**Record extracts**:
+ + + + +

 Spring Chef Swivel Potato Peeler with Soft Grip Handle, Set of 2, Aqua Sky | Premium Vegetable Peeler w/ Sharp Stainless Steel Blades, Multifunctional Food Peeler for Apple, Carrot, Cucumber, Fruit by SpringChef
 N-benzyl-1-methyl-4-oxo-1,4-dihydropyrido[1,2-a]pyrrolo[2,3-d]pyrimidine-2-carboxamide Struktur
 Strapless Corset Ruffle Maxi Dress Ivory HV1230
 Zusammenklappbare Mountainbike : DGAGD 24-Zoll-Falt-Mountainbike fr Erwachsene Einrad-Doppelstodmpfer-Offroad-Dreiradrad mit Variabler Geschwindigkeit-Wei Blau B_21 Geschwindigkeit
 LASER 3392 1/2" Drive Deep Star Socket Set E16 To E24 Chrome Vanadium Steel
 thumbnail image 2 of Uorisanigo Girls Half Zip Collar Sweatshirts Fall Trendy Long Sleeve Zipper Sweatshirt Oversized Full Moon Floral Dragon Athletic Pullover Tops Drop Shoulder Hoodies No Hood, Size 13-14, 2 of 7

+ + + + +

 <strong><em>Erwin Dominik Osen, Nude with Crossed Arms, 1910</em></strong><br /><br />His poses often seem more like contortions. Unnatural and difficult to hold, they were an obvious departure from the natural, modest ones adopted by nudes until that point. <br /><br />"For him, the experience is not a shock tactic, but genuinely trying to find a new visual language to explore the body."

+ + + + +

**Exercise requirements**:
Would you print exactly, and only, the lines of the data above from the line with "Spring Chef Swivel" through the line with "thumbnail image 2", inclusive?

**Output of the exercise**:
 Spring Chef Swivel Potato Peeler with Soft Grip Handle, Set of 2, Aqua Sky | Premium Vegetable Peeler w/ Sharp Stainless Steel Blades, Multifunctional Food Peeler for Apple, Carrot, Cucumber, Fruit by SpringChef
 N-benzyl-1-methyl-4-oxo-1,4-dihydropyrido[1,2-a]pyrrolo[2,3-d]pyrimidine-2-carboxamide Struktur
 Strapless Corset Ruffle Maxi Dress Ivory HV1230
 Zusammenklappbare Mountainbike : DGAGD 24-Zoll-Falt-Mountainbike fr Erwachsene Einrad-Doppelstodmpfer-Offroad-Dreiradrad mit Variabler Geschwindigkeit-Wei Blau B_21 Geschwindigkeit
 LASER 3392 1/2" Drive Deep Star Socket Set E16 To E24 Chrome Vanadium Steel
 thumbnail image 2 of Uorisanigo Girls Half Zip Collar Sweatshirts Fall Trendy Long Sleeve Zipper Sweatshirt Oversized Full Moon Floral Dragon Athletic Pullover Tops Drop Shoulder Hoodies No Hood, Size 13-14, 2 of 7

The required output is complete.